Macron akan Bahas Gandum dengan Putin
Macron menilai kesepakatan tersebut kecil kemungkinan tercapai.
REPUBLIKA.CO.ID, PARIS -- Presiden Prancis Emmanuel Macron mengatakan negaranya akan berbicara dengan Presiden Rusia Vladimir Putin dalam upaya mencapai kesepakatan agar gandum dapat keluar dari Pelabuhan Odesa, Ukraina.

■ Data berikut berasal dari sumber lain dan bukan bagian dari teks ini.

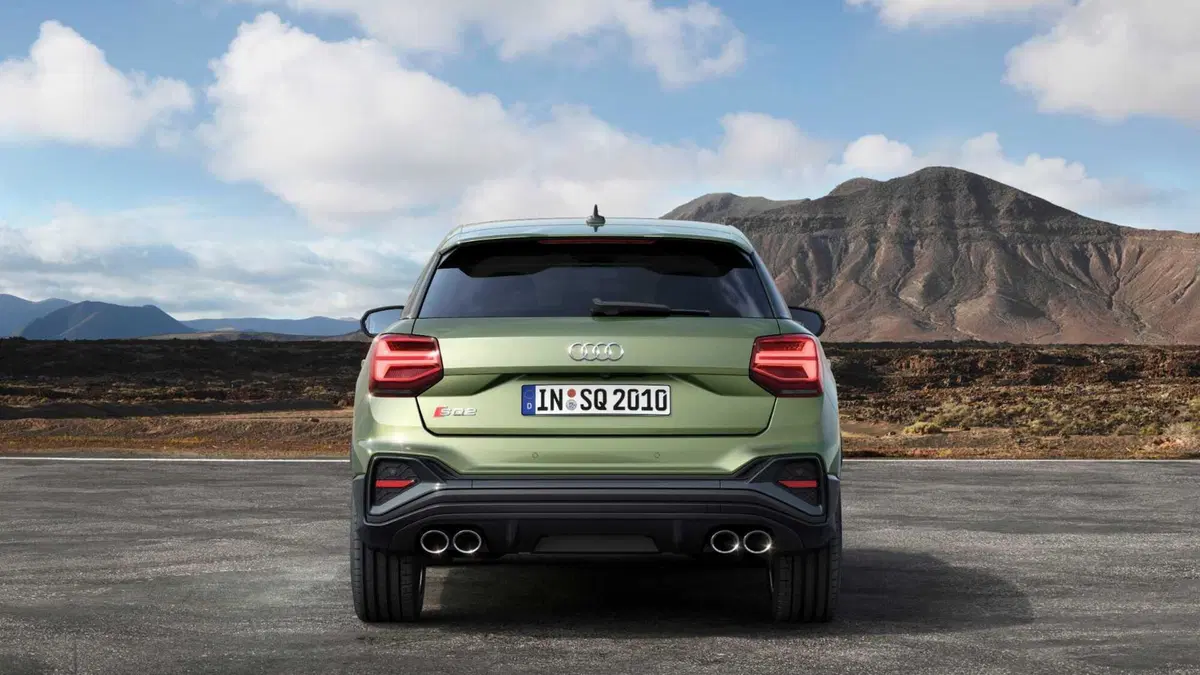 Audi SQ2 (7)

Tapi menurutnya kecil kemungkinan kesepakatan dapat tercapai.
"Kami harus berbicara dengan Rusia mengenai ketahanan pangan dan (diskusi) dapat dibenarkan dengan berhubungan dengan sekretaris jenderal PBB untuk mengeluarkan gandum dari Odesa," kata Macron pada BFM TV saat baru pulang dari Ukraina, Jumat (17/6/2022).
"Tapi saya tidak terlalu yakin dengan jalan ini, karena beberapa pekan yang lalu saya sudah berbicara dengan Presiden Putin, tapi ia tidak mau menerima resolusi PBB pada masalah ini," tambah Macron.
Pada Kamis (16/6/2022) kemarin Macron, Kanselir Jerman Olaf Scholz dan Perdana Menteri Italia Mario Draghi menggelar kunjungan bersama ke Kiev. Sebagai bentuk dukungan pada Ukraina atas perlawanannya pada Rusia.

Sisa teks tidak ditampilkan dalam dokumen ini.